Penso che il gruppo più numeroso stia andando in Sud Sudan perché è più vicino e meno costoso. Quindi ora stanno affollando il confine. Ma alcuni si sono spinti fino al Ciad, altri in Centrafrica, un altro gruppo è diretto a nord verso il confine con l'Egitto. E poi credo che un gruppo si sia diretto in Eritrea. Ma ho sentito dire che anche i rifugiati eritrei che si trovavano in Sudan si sono spostati verso sud. Quindi forse si stanno dirigendo verso paesi come l'Uganda, il Kenya, la Tanzania e così via. Sanno che la situazione nel loro Paese non è facile.
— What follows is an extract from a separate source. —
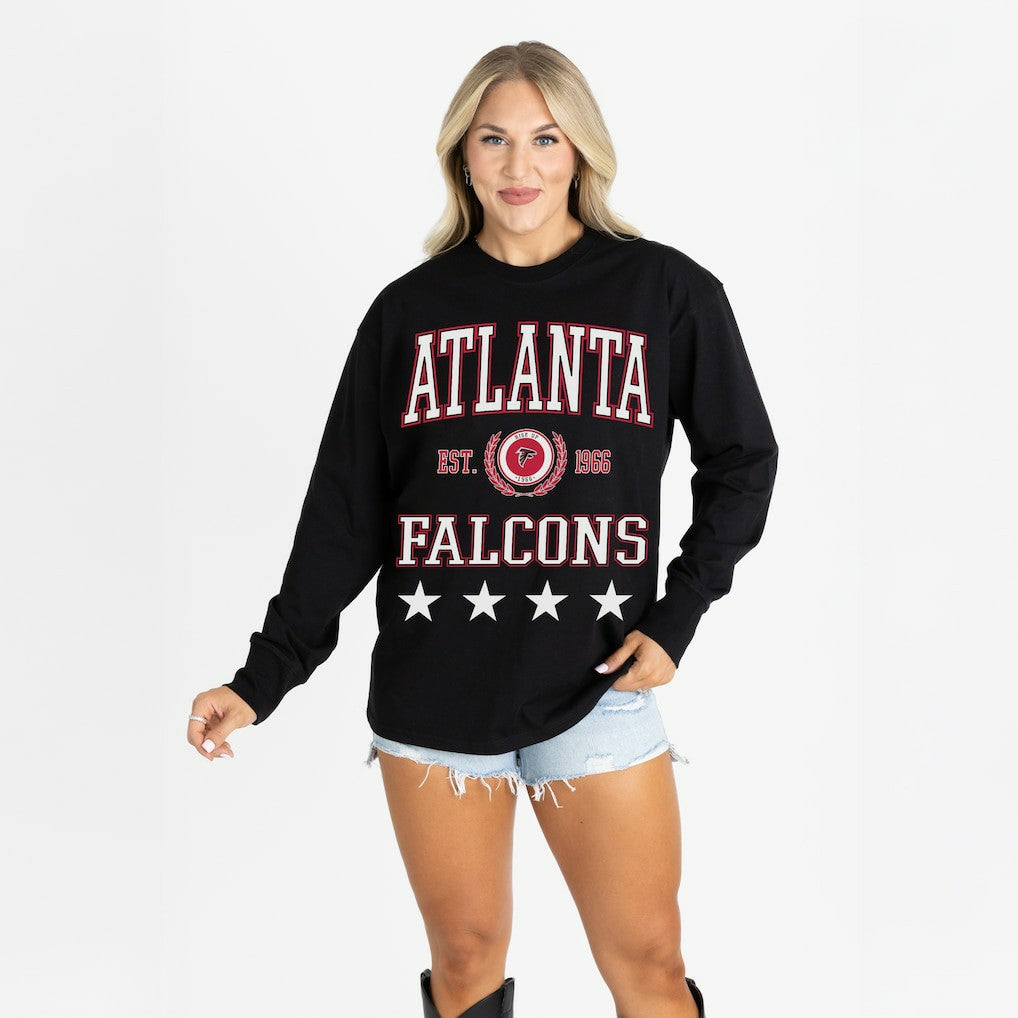 Gameday Couture Women's Oversized Everyday Star Long Sleeve T-Shirt - Atlanta Falcons T-shirts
Lei rappresenta la Caritas del Sudan. In che modo fate fronte a questa emergenza?

Come Caritas Sudan non abbiamo le capacità necessarie. Abbiamo bisogno del sostegno dei membri della Confederazione e della loro assistenza. Ho chiesto un accompagnatore che ci aiuti a formare i membri del nostro staff che sono stati introdotti di recente nel lavoro. Non sono in grado di gestire un volume così elevato di rifugiati o di rimpatriati che arrivano nel Paese. Hanno quindi bisogno di essere assistiti. Come vede, abbiamo in realtà appena iniziato a riabilitare la Caritas. La Caritas non è stata attiva per quasi 10 anni. Semplicemente a causa della cessazione dell'attività.

Dunque ora chi può aiutare il Sudan?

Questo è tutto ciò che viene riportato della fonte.